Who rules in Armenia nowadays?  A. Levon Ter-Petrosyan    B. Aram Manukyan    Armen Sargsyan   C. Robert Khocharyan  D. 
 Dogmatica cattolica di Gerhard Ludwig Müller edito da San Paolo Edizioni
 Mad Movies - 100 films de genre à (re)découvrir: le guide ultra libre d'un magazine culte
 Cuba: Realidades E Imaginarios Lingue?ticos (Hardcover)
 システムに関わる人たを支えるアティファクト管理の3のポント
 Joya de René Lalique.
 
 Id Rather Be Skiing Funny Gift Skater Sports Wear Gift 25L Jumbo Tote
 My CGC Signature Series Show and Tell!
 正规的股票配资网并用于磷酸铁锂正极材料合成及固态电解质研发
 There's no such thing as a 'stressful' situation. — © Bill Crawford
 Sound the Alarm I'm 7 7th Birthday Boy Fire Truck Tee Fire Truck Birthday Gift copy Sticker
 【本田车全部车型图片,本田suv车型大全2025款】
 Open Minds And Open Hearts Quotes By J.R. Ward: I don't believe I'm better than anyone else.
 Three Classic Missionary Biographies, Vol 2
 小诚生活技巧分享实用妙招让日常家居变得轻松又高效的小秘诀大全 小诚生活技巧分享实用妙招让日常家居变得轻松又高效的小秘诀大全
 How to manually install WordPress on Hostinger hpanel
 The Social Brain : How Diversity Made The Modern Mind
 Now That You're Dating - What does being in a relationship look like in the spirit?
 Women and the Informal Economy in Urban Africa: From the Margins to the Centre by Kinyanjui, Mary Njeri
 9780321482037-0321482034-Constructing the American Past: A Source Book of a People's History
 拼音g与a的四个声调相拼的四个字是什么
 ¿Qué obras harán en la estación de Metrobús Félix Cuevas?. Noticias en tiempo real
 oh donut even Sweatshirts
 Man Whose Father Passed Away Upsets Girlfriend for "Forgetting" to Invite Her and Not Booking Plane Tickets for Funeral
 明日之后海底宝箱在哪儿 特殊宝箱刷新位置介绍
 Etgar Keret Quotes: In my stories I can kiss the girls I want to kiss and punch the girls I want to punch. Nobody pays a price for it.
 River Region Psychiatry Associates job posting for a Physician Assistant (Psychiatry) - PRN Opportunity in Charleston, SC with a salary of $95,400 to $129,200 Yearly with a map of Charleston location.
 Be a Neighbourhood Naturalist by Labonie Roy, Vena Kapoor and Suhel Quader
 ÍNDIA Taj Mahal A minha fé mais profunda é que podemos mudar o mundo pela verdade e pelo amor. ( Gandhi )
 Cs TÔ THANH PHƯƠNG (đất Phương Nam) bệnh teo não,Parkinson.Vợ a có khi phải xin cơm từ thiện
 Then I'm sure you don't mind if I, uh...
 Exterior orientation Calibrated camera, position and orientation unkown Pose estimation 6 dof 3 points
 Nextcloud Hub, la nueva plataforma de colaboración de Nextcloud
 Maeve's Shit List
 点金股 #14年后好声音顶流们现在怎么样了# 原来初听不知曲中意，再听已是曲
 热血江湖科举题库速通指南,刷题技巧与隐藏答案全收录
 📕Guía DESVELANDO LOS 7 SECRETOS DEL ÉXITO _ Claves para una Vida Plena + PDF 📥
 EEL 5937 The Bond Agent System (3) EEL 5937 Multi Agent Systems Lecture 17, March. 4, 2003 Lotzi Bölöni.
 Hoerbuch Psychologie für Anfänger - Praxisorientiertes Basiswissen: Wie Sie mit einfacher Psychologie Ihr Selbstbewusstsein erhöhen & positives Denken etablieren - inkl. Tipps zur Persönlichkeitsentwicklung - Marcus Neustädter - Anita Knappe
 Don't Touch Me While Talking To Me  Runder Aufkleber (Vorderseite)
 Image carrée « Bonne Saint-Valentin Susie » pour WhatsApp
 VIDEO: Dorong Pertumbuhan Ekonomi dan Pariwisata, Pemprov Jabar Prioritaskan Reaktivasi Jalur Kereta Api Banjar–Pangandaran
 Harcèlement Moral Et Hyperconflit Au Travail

▶ Exercise instructions: Copy out only the lines of the records above from the one with "Id Rather Be" through the one with "ÍNDIA Taj Mahal", exactly as they stand, both included.

▶ Response box:
 Id Rather Be Skiing Funny Gift Skater Sports Wear Gift 25L Jumbo Tote
 My CGC Signature Series Show and Tell!
 正规的股票配资网并用于磷酸铁锂正极材料合成及固态电解质研发
 There's no such thing as a 'stressful' situation. — © Bill Crawford
 Sound the Alarm I'm 7 7th Birthday Boy Fire Truck Tee Fire Truck Birthday Gift copy Sticker
 【本田车全部车型图片,本田suv车型大全2025款】
 Open Minds And Open Hearts Quotes By J.R. Ward: I don't believe I'm better than anyone else.
 Three Classic Missionary Biographies, Vol 2
 小诚生活技巧分享实用妙招让日常家居变得轻松又高效的小秘诀大全 小诚生活技巧分享实用妙招让日常家居变得轻松又高效的小秘诀大全
 How to manually install WordPress on Hostinger hpanel
 The Social Brain : How Diversity Made The Modern Mind
 Now That You're Dating - What does being in a relationship look like in the spirit?
 Women and the Informal Economy in Urban Africa: From the Margins to the Centre by Kinyanjui, Mary Njeri
 9780321482037-0321482034-Constructing the American Past: A Source Book of a People's History
 拼音g与a的四个声调相拼的四个字是什么
 ¿Qué obras harán en la estación de Metrobús Félix Cuevas?. Noticias en tiempo real
 oh donut even Sweatshirts
 Man Whose Father Passed Away Upsets Girlfriend for "Forgetting" to Invite Her and Not Booking Plane Tickets for Funeral
 明日之后海底宝箱在哪儿 特殊宝箱刷新位置介绍
 Etgar Keret Quotes: In my stories I can kiss the girls I want to kiss and punch the girls I want to punch. Nobody pays a price for it.
 River Region Psychiatry Associates job posting for a Physician Assistant (Psychiatry) - PRN Opportunity in Charleston, SC with a salary of $95,400 to $129,200 Yearly with a map of Charleston location.
 Be a Neighbourhood Naturalist by Labonie Roy, Vena Kapoor and Suhel Quader
 ÍNDIA Taj Mahal A minha fé mais profunda é que podemos mudar o mundo pela verdade e pelo amor. ( Gandhi )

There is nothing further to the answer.